» **What you need to do**:
So that the copy stays text only, transcribe the data below exactly and exclude the images.

» **Task material**:

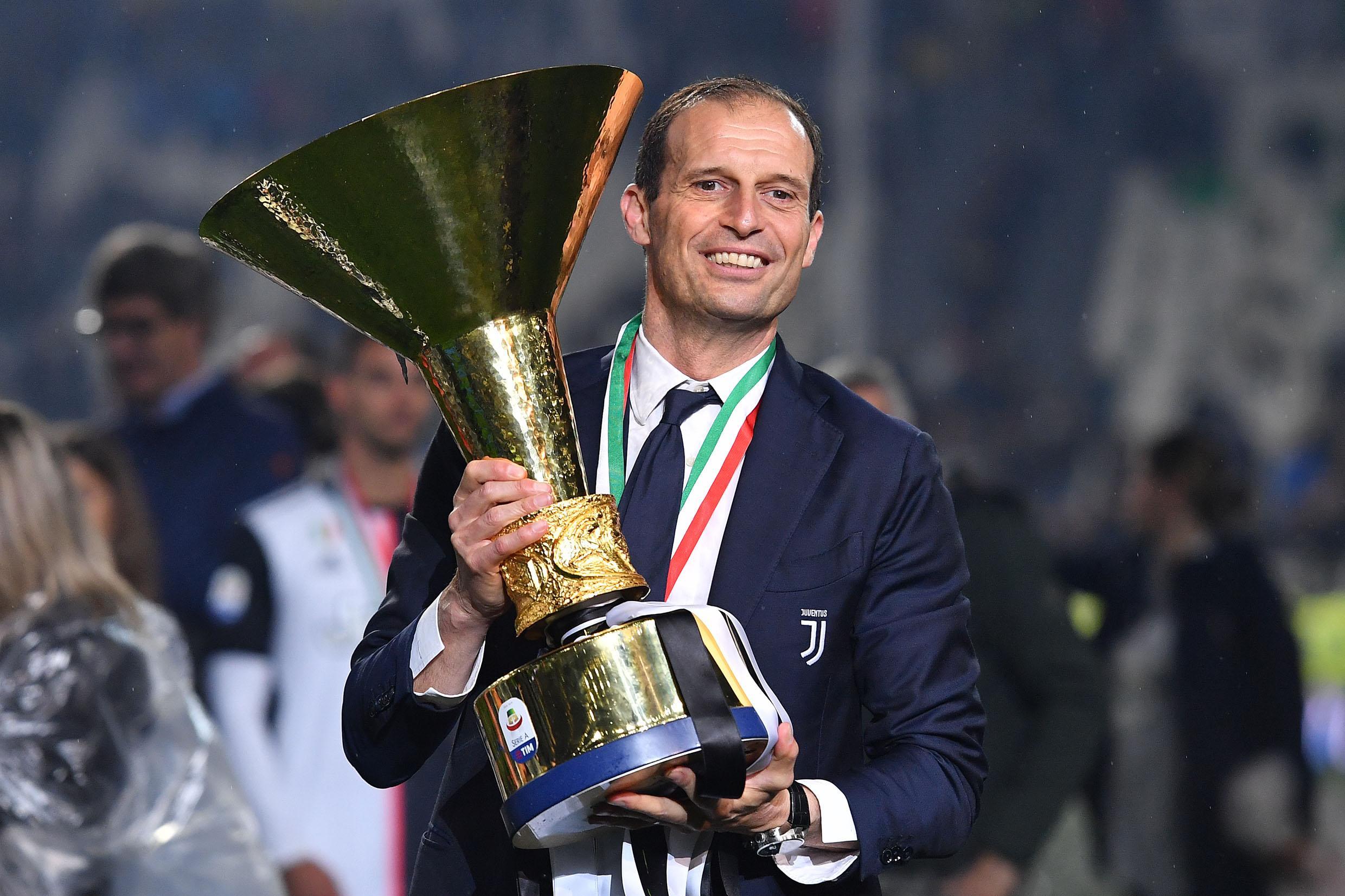 epa07586055 Juventus head coach Massimiliano Allegri celebrates with the Serie A title trophy at the end of the Italian Serie A soccer match Juventus FC vs Atalanta BC at the Allianz Stadium in Turin, Italy, 19 May 2019.  EPA-EFE/ALESSANDRO DI MARCO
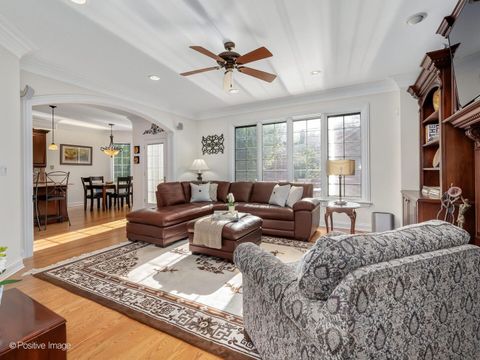Tiny photo for 620 S Waiola Avenue, La Grange, IL 60525 (MLS # 12628384)
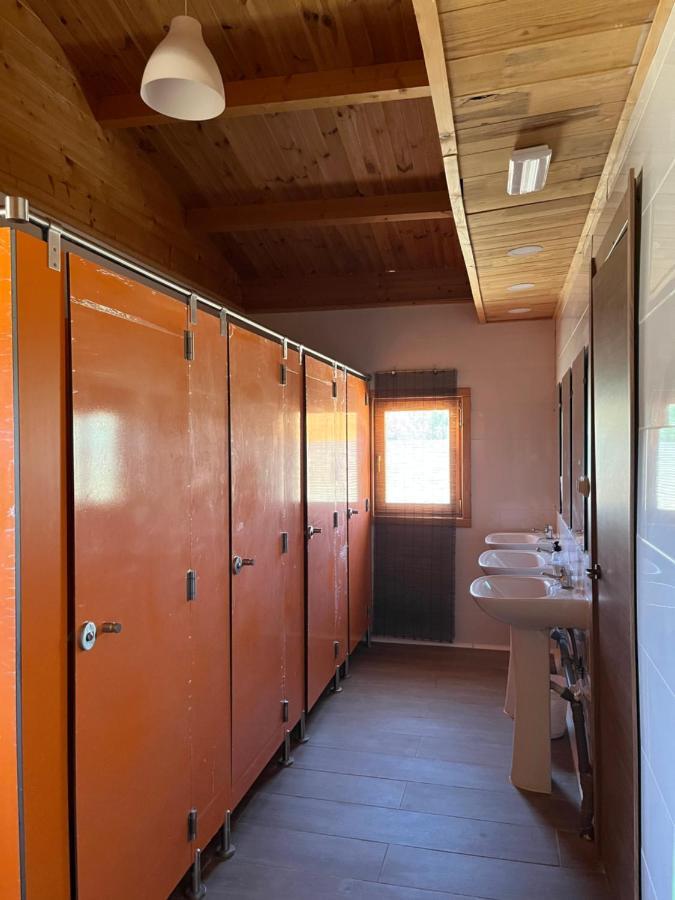 Granja Escuela Con Bungalows San Martín de la Vega Екстериор снимка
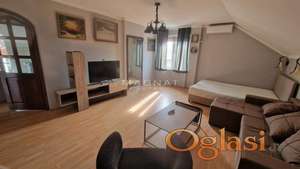 Zemun - Gornji grad - prostran stan sa parking mestom ID#5492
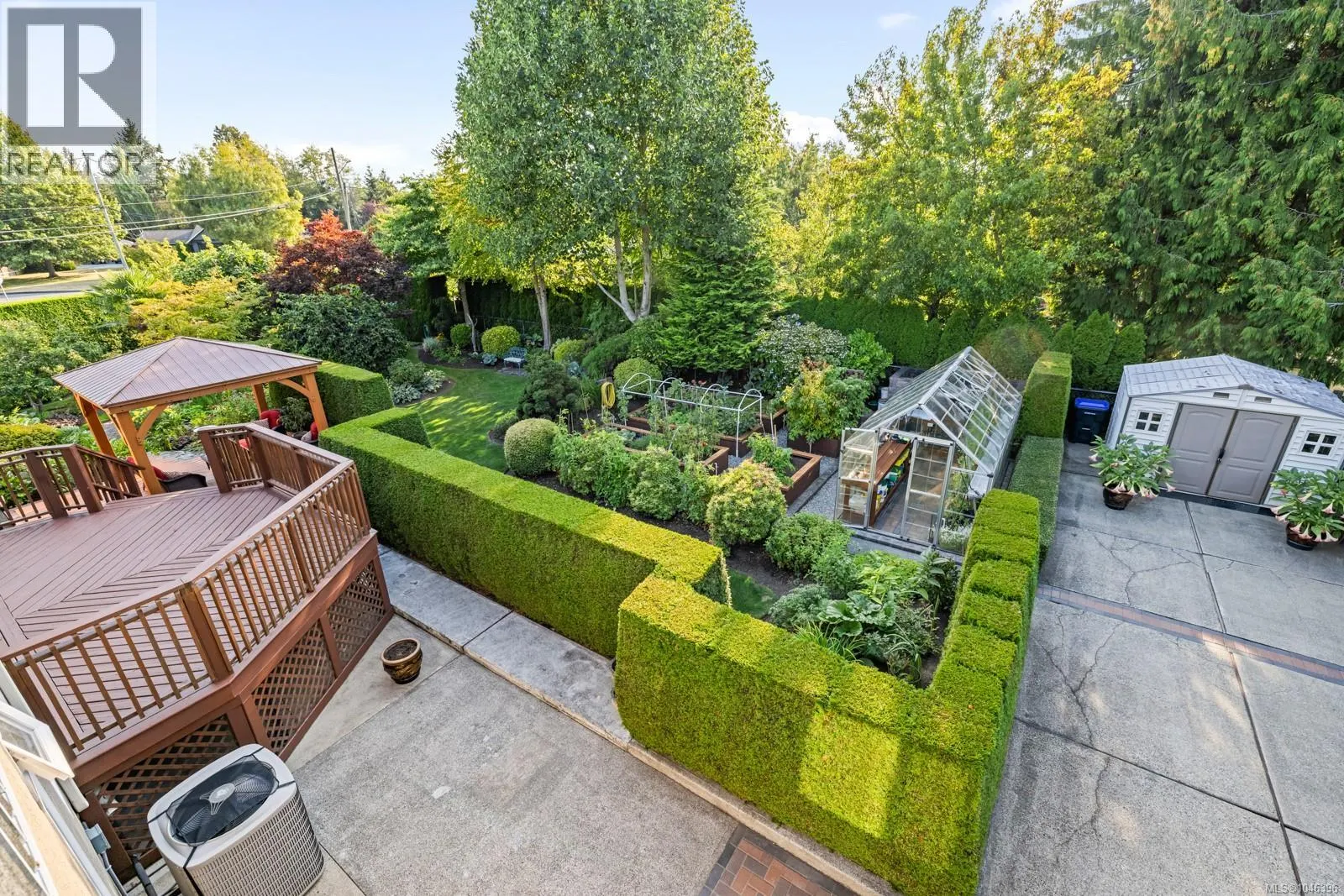 823 Glenhale Cres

» **Answer box**:
 epa07586055 Juventus head coach Massimiliano Allegri celebrates with the Serie A title trophy at the end of the Italian Serie A soccer match Juventus FC vs Atalanta BC at the Allianz Stadium in Turin, Italy, 19 May 2019.  EPA-EFE/ALESSANDRO DI MARCO
Tiny photo for 620 S Waiola Avenue, La Grange, IL 60525 (MLS # 12628384)
 Granja Escuela Con Bungalows San Martín de la Vega Екстериор снимка
 Zemun - Gornji grad - prostran stan sa parking mestom ID#5492
 823 Glenhale Cres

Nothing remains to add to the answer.